C'est le nom d'un gâteau, d'origine espagnole, qui s'apparente à la brioche en un peu plus rustique. Il a la particularité d'être confectionné pour les fêtes de Pâques , il représente une demi sphère et pour les enfants il est agrémenté d'un œuf entier sur le sommet.

Il est donc devenu synonyme de fête.

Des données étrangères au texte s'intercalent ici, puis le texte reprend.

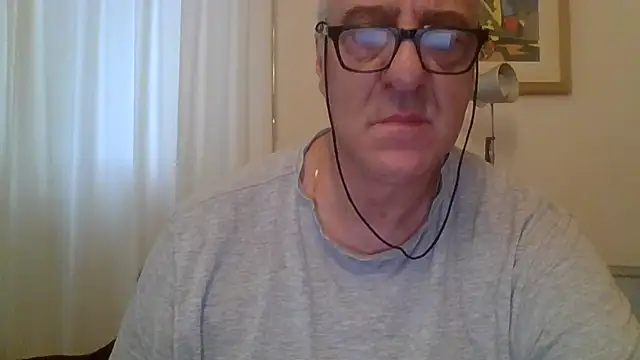 Snapshot of ANONIMO7735 chatting on 17, 9, 2025 ANONIMO7735 online show from 17, 9, 2025
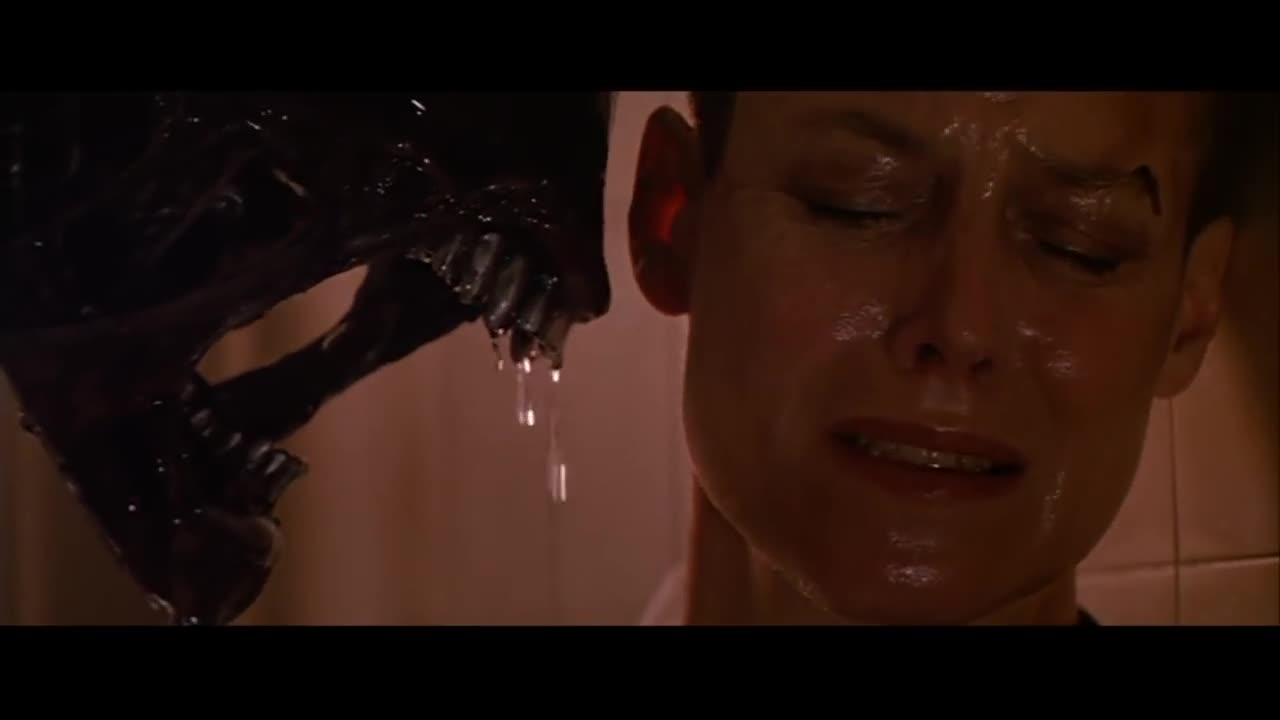 Alien kiss video clip by Alien 3
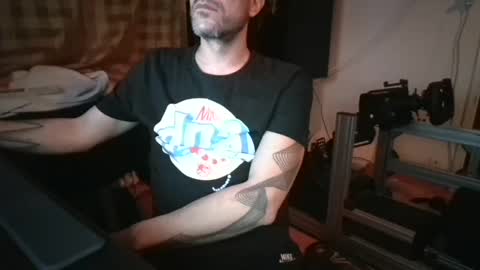 Snapshot of degrandis chatting on 03.02.25 Luka Magic online show from 03.02.25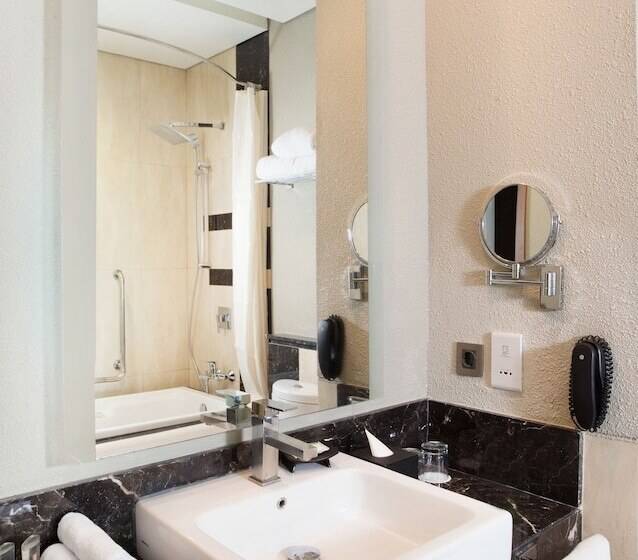 ダブルベッドスタンダードルーム, Holiday Inn Cikarang Jababeka, An Ihg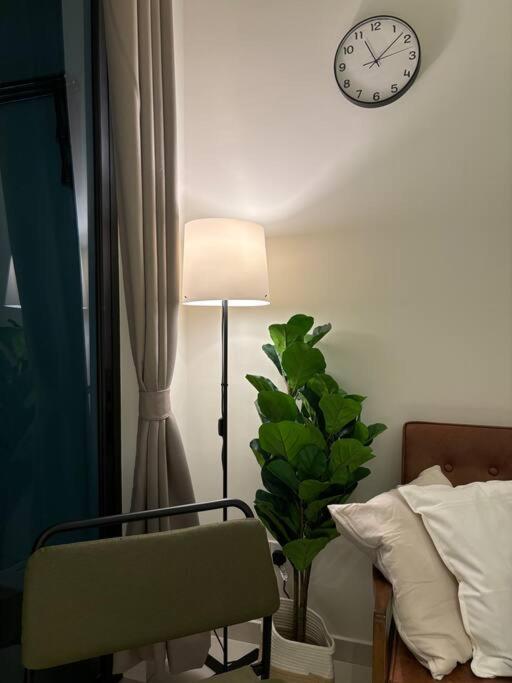 Comfort Living at Country Garden Central Park 1-4pax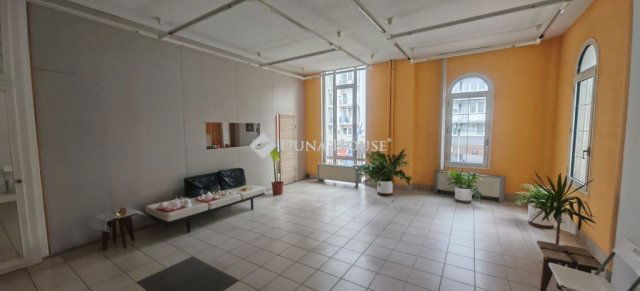 Eladó üzlethelyiség, Zalaegerszegen, Kossuth Lajos utcában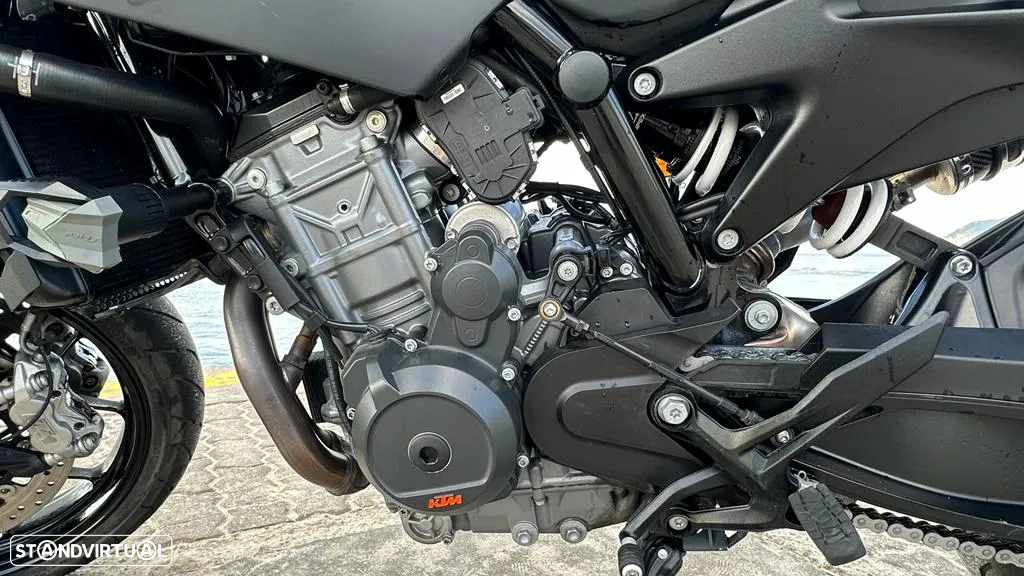 KTM Duke 890 - 6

On dit : "  On va faire la mouna" pour annoncer que l'on va fêter Pâques.

Pâques revêt un caractère particulier puisqu'il célèbre l'arrivée du printemps, des beaux jours, et du renouveau de la nature.

Après une semaine sainte, au cours de laquelle nous avons du nous pencher sur les souffrances du Christ, son chemin de croix etc.. nous voila le dimanche de Pâques, jours solennel, avec la mess et la communion et la joie de retrouver les cloches qui reviennent de Rome.

Cela n'a tout de même pas empêché de penser à la sortie que nous pourrions faire à la campagne comme le veut la tradition.

Il faut distinguer deux périodes : avant et pendant la guerre et après la guerre.

Au cours de la première période, nos moyens de locomotion étaient très limités aussi nous nous dirigions souvent vers le petit bois de St Hyppolite à coté  du village du même nom et distant de trois

kilomètres de chez nous. La carriole était souvent utilisée, le vélo et même la marche à pied. Nous formions un groupe familiale et d'amis de longue date. Nous nous installions sous les chênes verts qui n'offraient qu'un abri précaire. Aussi quand le temps s'avérait incertain, il fallait trouver un moyen de repli  pour échapper à la pluie. C'était souvent l'orage qui pouvait nous surprendre. Je me souviens qu'une année nous avions prépare le riz et au moment de se mettre à table la pluie s'est mise à tomber. Les parents prévenant avaient demandé à un taxi de venir nous chercher en cas de mauvais temps. En effet est apparu une grosse voiture comme on en faisait à l'époque. Tout le monde a embarqué sans oublier la marmite de riz qui finissait de cuire. Le taxi n'était pas de la première jeunesse et c'est avec beaucoup de bonne volonté qu’ 'il a tenté de nous ramener à la maison. Il avait presque réussi lorsqu'à quelques dizaines de mètres de l'arrivée il a perdu une roue arrière. Etant donné sa vitesse les conséquences n'ont pas été graves. Un effondrement de l'arrière et un arrêt un peu brusque mais la cocotte de riz n'avait subie aucun dommage et nous avons pu déguster notre repas dans la bonne humeur mais bien à l'abri à la maison.

Dés que la guerre fut finie, nous avons eu la joie de voir revenir tous les jeunes hommes ou du moins presque tous car les Pieds Noirs avaient payé un lourd tribu lords des combats pour la libération de la France. Certains revenaient mutilés, un bras ou une jambe en moins.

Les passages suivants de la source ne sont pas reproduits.